| Problem |
From the data that follows, set down exactly the lines from the one with "Bachmann Conector hembra" through the one with "Birds on a branch", counting both. Pictures stay out.

| Data extract |
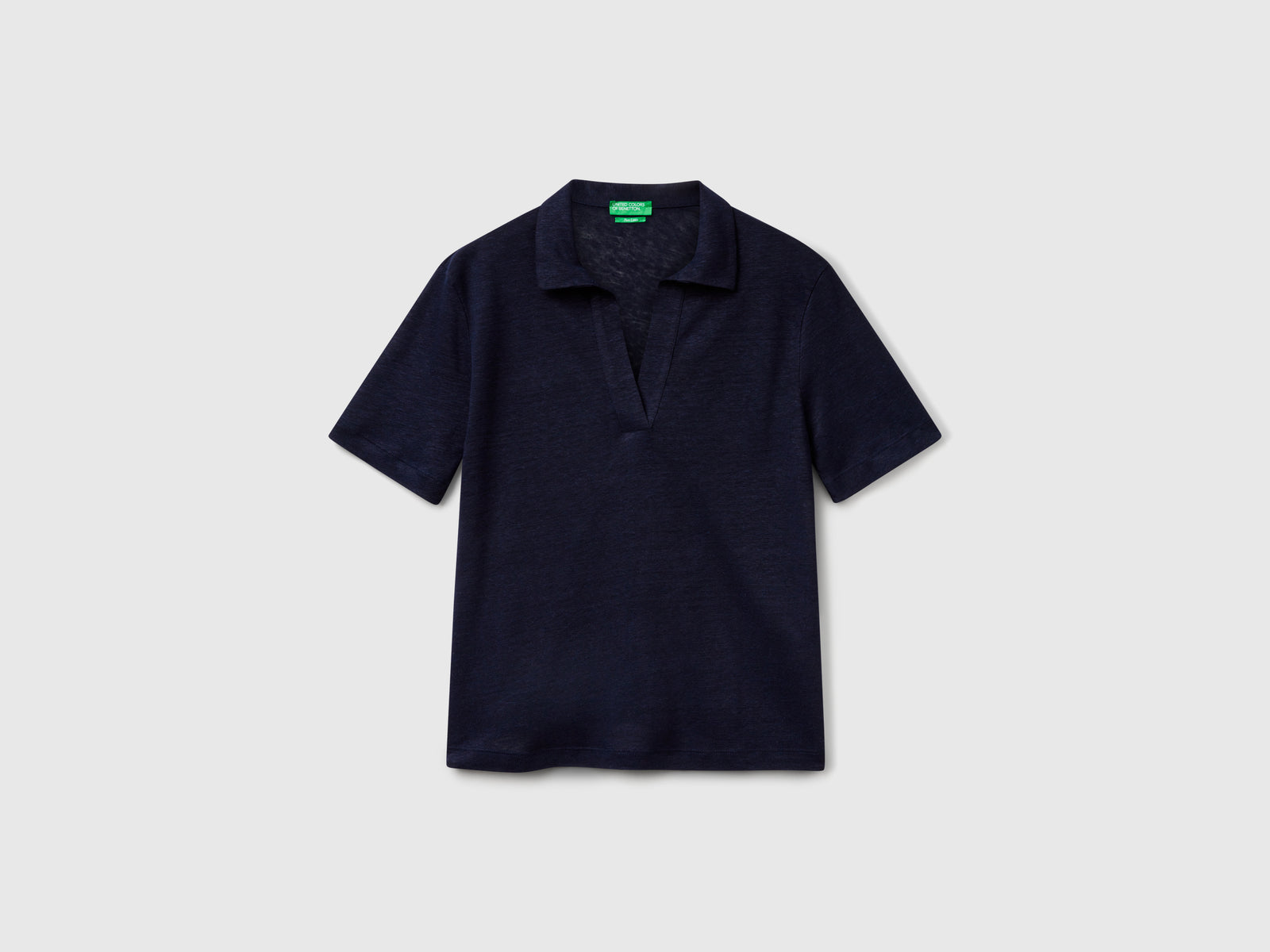 Polo in puro lino da donna blu scuro | Benetton Outlet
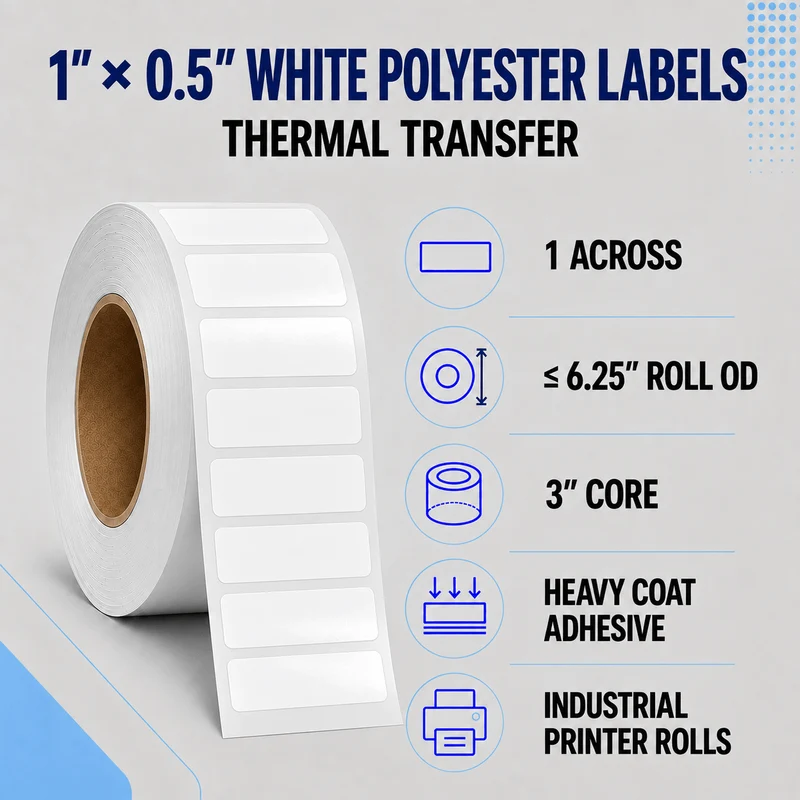 Thermal Transfer Labels - Glossy White Polyester for Desktop and Industrial Printers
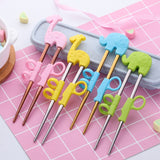 Food Grade Stainless Steel Training Chopsticks Kids Children Learn Chopsticks and Spoon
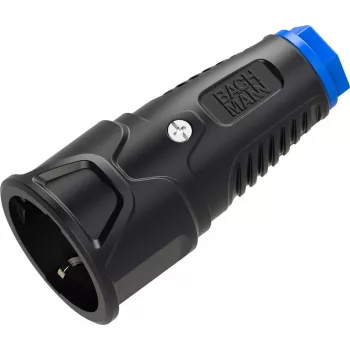 Bachmann Conector hembra de contacto de protección goma maciza CEE7/3
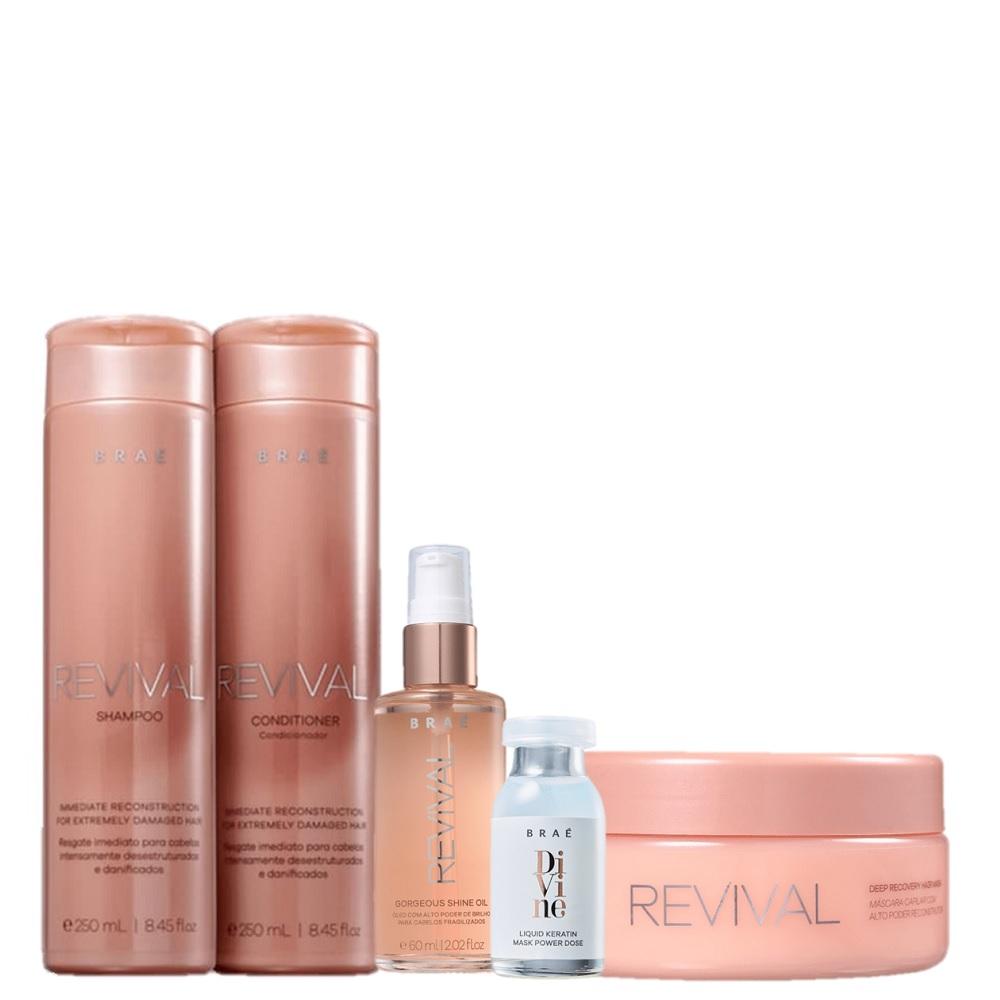 Kit Brae Revival Reconstrucao Cabelos com Frizz (5 Produtos) - 1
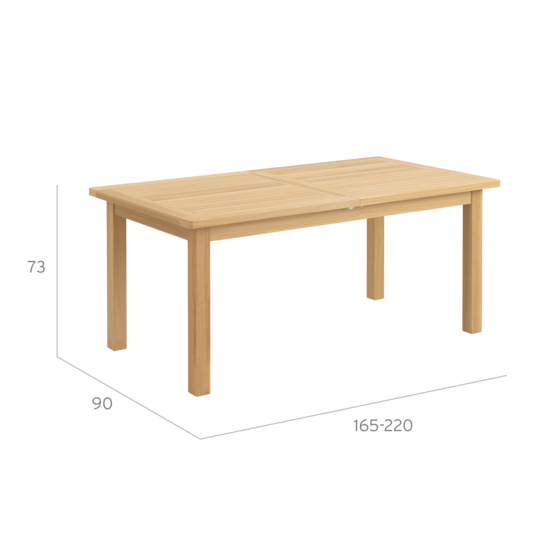 Cornwall Extending Table Teak 165-220 x 90
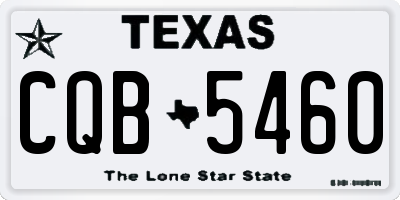 TX license plate CQB5460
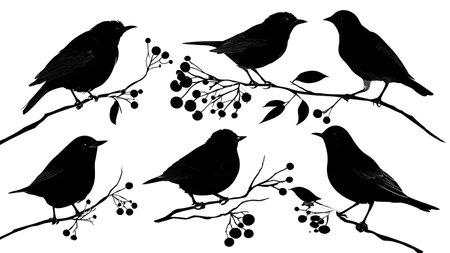 Birds on a branch with berries, black solid silhouettes isolated on plain white background.のイラスト素材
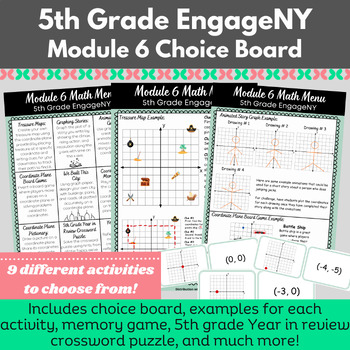 Preview of Grade 5 Module 6: Eureka/EngageNY Choice Board Coordinate Plane Games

| Response box |
 Bachmann Conector hembra de contacto de protección goma maciza CEE7/3
 Kit Brae Revival Reconstrucao Cabelos com Frizz (5 Produtos) - 1
 Cornwall Extending Table Teak 165-220 x 90
 TX license plate CQB5460
 Birds on a branch with berries, black solid silhouettes isolated on plain white background.のイラスト素材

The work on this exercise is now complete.